The inverse relationship between the interest rate and the price of bonds is fundamental to understanding how monetary policy affects interest rates and why people in the financial world are always so worried about the future course of the interest rate. This inverse relationship is illustrated for the two main types of bonds—coupon bonds and discount bonds.

A coupon bond pays the owner of the bond a fixed interest payment each year until the bond matures when the face value (or par value) of the bond is paid. The name “coupon bond” comes from the fact that, until recently, the bond owner had to clip a coupon from the bottom of the bond each year to receive this fixed interest payment. Now these payments are made electronically.

Suppose you own a coupon bond that is due to mature in five years, with face value $1,000 and coupon $100. If the interest rate is 10 percent, the current price of this bond should be $1,000 because the $100 interest coupon payment is 10 percent of the price of the bond. Now suppose the interest rate rises to 12 percent. Seeing this increase, you decide to sell your bond and use the proceeds to buy a new bond that pays 12 percent. Unfortunately for you, however, nobody will be willing to pay $1,000 for your bond because everyone knows he or she can earn a 12 percent return elsewhere. To sell your bond you will have to lower its price, in this case to $833.33 because at this price the $100 interest payment is a return of 12 percent.

Actually, the price will not fall quite this far. Because the bond will pay off at $1,000 in five years, the total return to investing in this bond is the stream of five $100 interest payments, plus a capital gain due to the rise in bond price to $1,000 over these five years. The yield to maturity, which is what economists mean by an interest rate, would be higher than 12 percent. For the yield to maturity to be 12 percent, the price need only fall to $927.90. For those interested, this calculation is explained in appendix 10.1.

An opposite result would occur if the interest rate were to fall to 8 percent. Everyone would want to buy your bond if it were priced at $1,000, because the 10 percent return on your bond would be higher than the 8 percent return available elsewhere. As a result, potential buyers would bid up the price of your bond in their efforts to obtain it, in this case to $1,250 because the $100 return is 8 percent of $1,250. Once again, this is not quite correct. In five years this bond will pay off at $1,000, so holders will experience a capital loss if they buy it for a higher price, implying that the yield to maturity is lower than 8 percent. The price will be bid up to only $1,079.85.

A discount bond is a bond without a coupon (and is therefore sometimes called a zero-coupon bond). The return to holding such a bond comes entirely from buying it at a price below its face value. The most common example is a U.S. government Treasury bill, called a T-bill, sold originally at weekly auctions for maturity periods of three months, six months, and a year (and then, like all other bonds, available for resale on the regular money market).

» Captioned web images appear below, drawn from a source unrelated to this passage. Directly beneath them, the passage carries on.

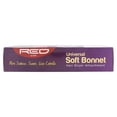 thumbnail image 4 of Red by Kiss Universal Soft Bonnet Hair Dryer Attachment, 4 of 6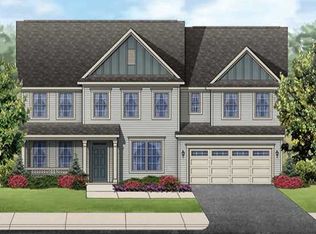 408 Spectrum Rd, Summerville, SC 29483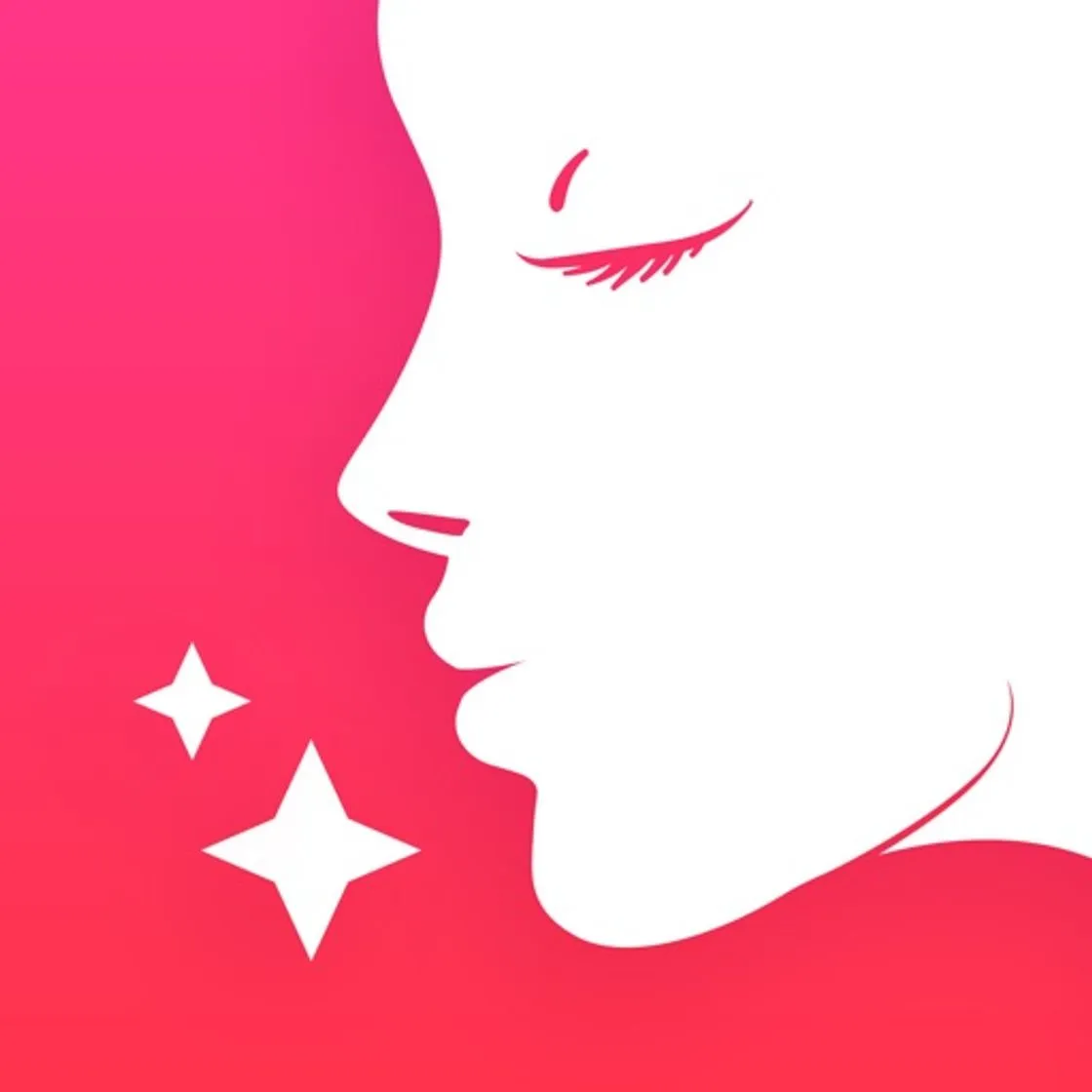 Pixl: Red Eye Remover Editor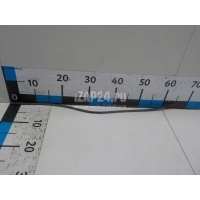 Шланг омывателя Mazda Mazda 3 (BK) (2002 - 2009) BP4N67501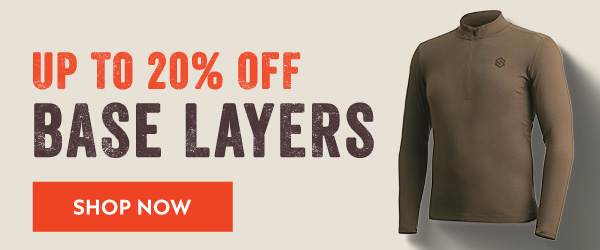 Base Layer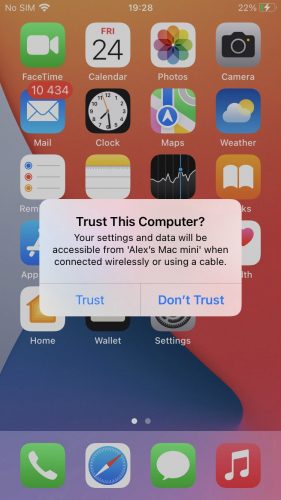 how-to-restore-deleted-apps-on-iphone-3-working-ways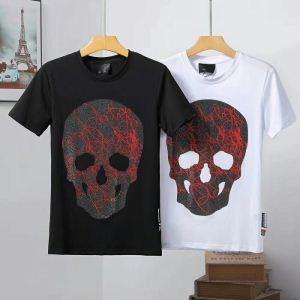 Philip Prane Philipp Plein T -...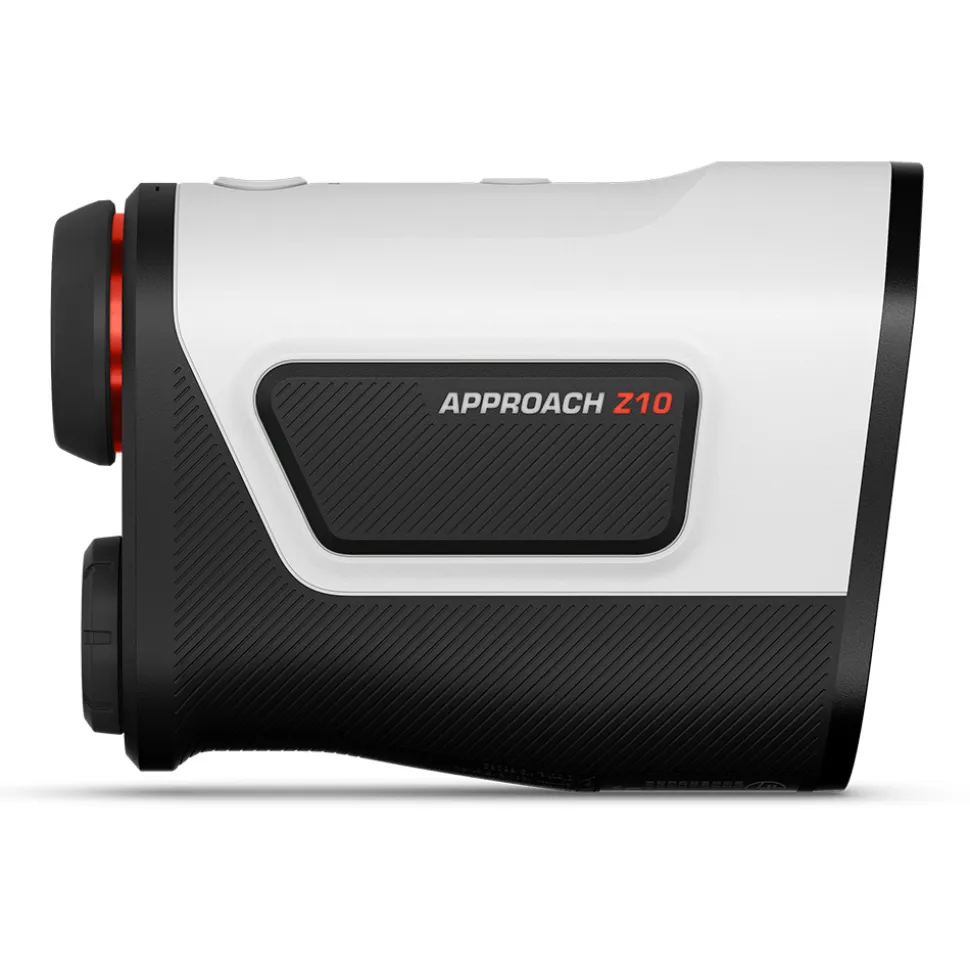 Approach Z10 Laser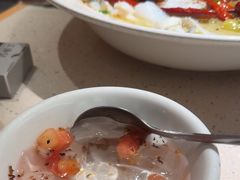-江渔儿酸菜鱼(曜一城店)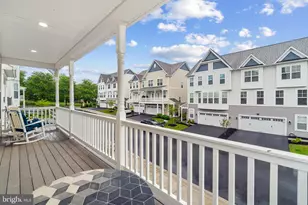 12 Greensborough Rd, Reisterstown, MD 21136 - Photo 6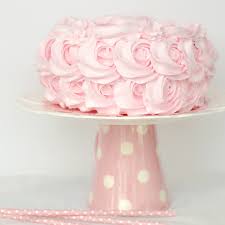 4 reviews #2,081 of 2,881 restaurants in hamburg. Bunny Scott Cupcakes Und Torten Hamburg Creme Guides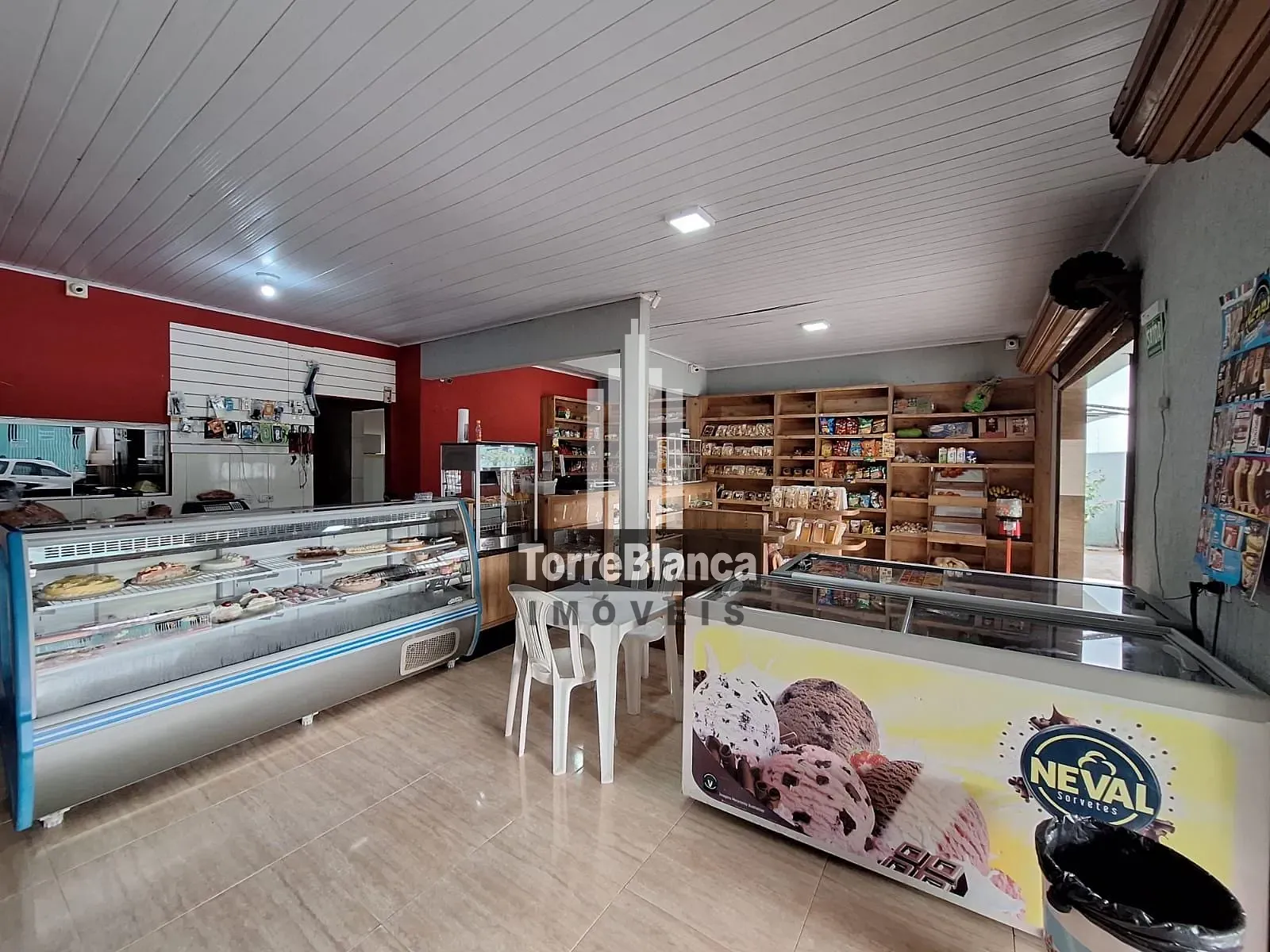 Sala-Conjunto, 150 m² - Foto 9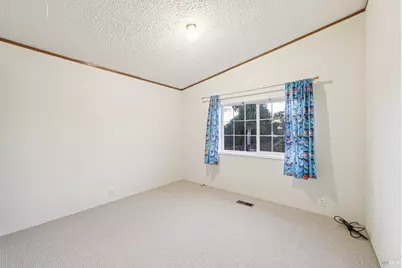 2704 Ridge Road, San Pablo, CA 94806 - Photo 23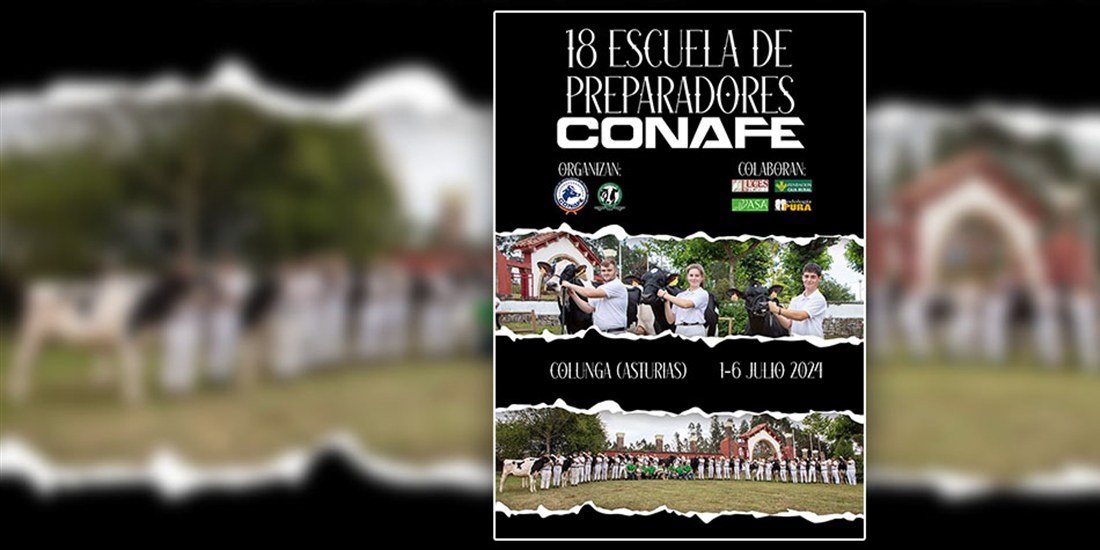 Ya est disponible el Programa de la Escuela de Preparadores CONAFE 2024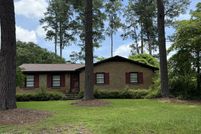 Ranch Property for sale in Scotland County, North Carolina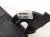 2021 Toyota Rav 4 Center Console Lid/armrest Black 58905 0R120 C0 Replacement 2021 Toyota Rav 4 Center Console Lid/armrest Black 58905 0R120 C0 Replacement thumbnail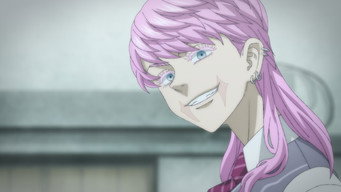 episode still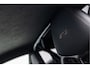 Porsche 992 911 4.0 GT3 | PTS | Clubsport | PCCB | Lift | Carbon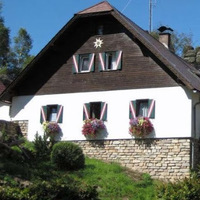 Local Businesses Nebelsteinschutzhütte ÖAV Sektion Waldviertel in Moorbad Harbach 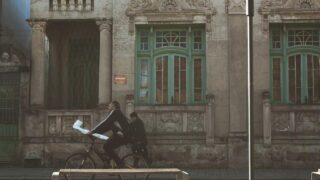 【2026年最新】女性の薄毛オンライン診療 完全ガイド｜FAGA治療の費用・薬・クリニック比較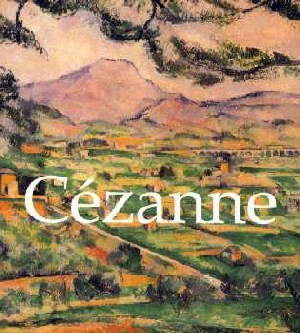 Cezanne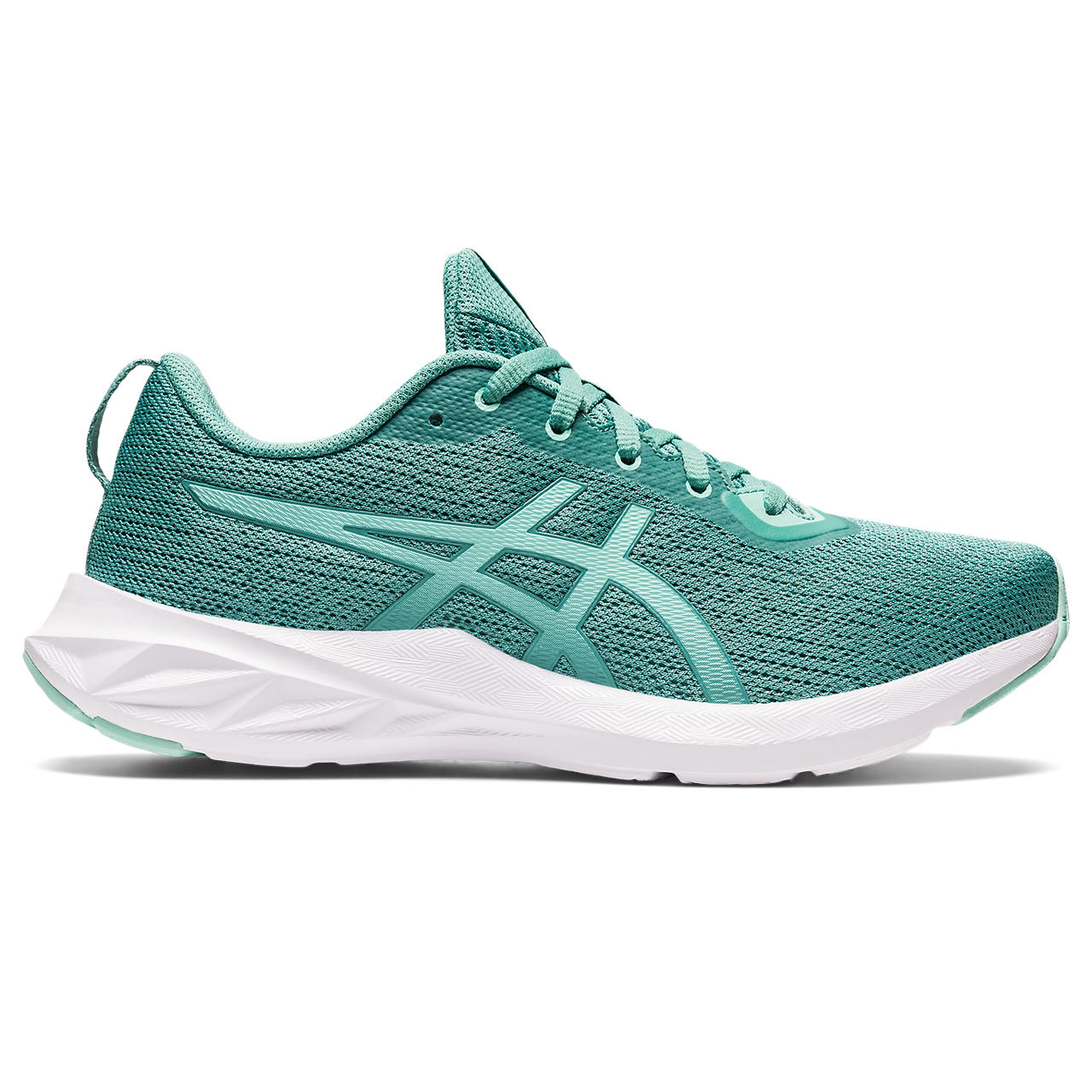 ASICS VERSABLAST 2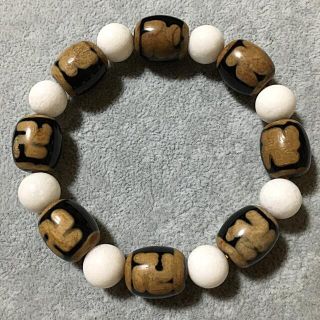 HEAVEN and Earth(ブレスレット/バングル)のフリマアイテム一覧 HEAVEN and Earth(ブレスレット/バングル)のフリマアイテム一覧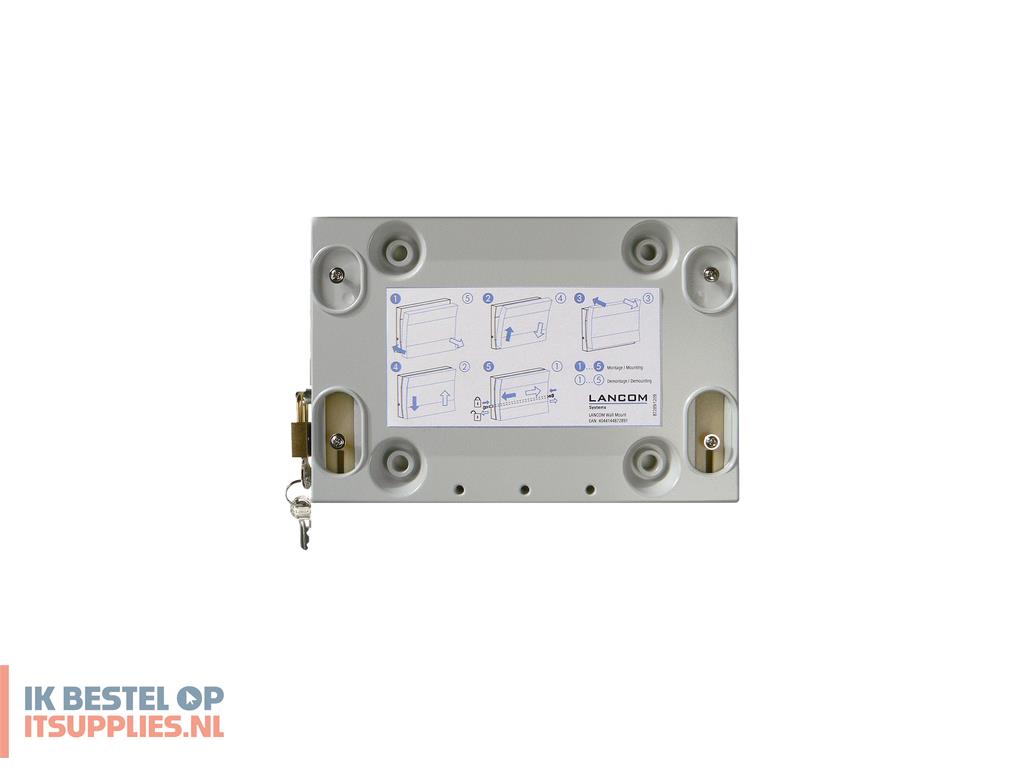 4732808-lancom_wall_mount_grijs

If the interest rate is 10 percent, the price for a one-year $10,000 T-bill will be $9,090.91 since the return of $10,000 - $9,090.91 = $909.09 is 10 percent of the $9,090.91 price paid.

If the interest rate were higher, say 12 percent, the price of the T-bill would be lower—in this case $8,928.57—to make the return of $10,000 - $8,928.57 = $1,071.43 be 12 percent of the $8,928.57 purchase price. If the interest rate were lower, say 8 percent, the price of the T-bill would be higher, in this case $9,259.26.

Regardless of the type of bond, there is an inverse relationship between interest rates and bond prices. This relationship is as close to a true economic law as it can get: interest rates and bond prices are instantly connected, with the causal force going in either direction. If someone decides to sell a bond, for whatever reason, and drops the bond price to sell it, the interest rate instantly rises. And if the interest rate rises, for whatever reason, the market reacts instantly to push down bond prices.

It should now be evident why this relationship between interest rates and bond prices is so important. A change in the interest rate, which happens on a daily basis, can create substantial capital gains or losses for those holding bonds, particularly for those holding long-term bonds. It is for this reason that the financial pages of newspapers provide so much commentary on the future course of the interest rate.

Why are the capital gains and losses greater for longer-maturity bonds? Let’s look at the earlier example of a $1,000 face-value coupon bond with coupon $100 and time to maturity five years. A rise in the interest rate to 12 percent dropped the bond price to $927.90. Suppose there had only been one year to maturity; then the price would have fallen to $982.14. Someone buying this bond would, during the remaining year of its life, receive the $100 coupon plus that year’s capital gain, $17.86, generating a 12 percent return on outlay. If there had been five years to maturity, however, there would have to be five such annual capital gains as the bond price crawls up to its face value over the five years. Consequently, the price must fall further for a longer maturity bond. Capital losses and gains are much larger on long-term bonds than on short-term bonds.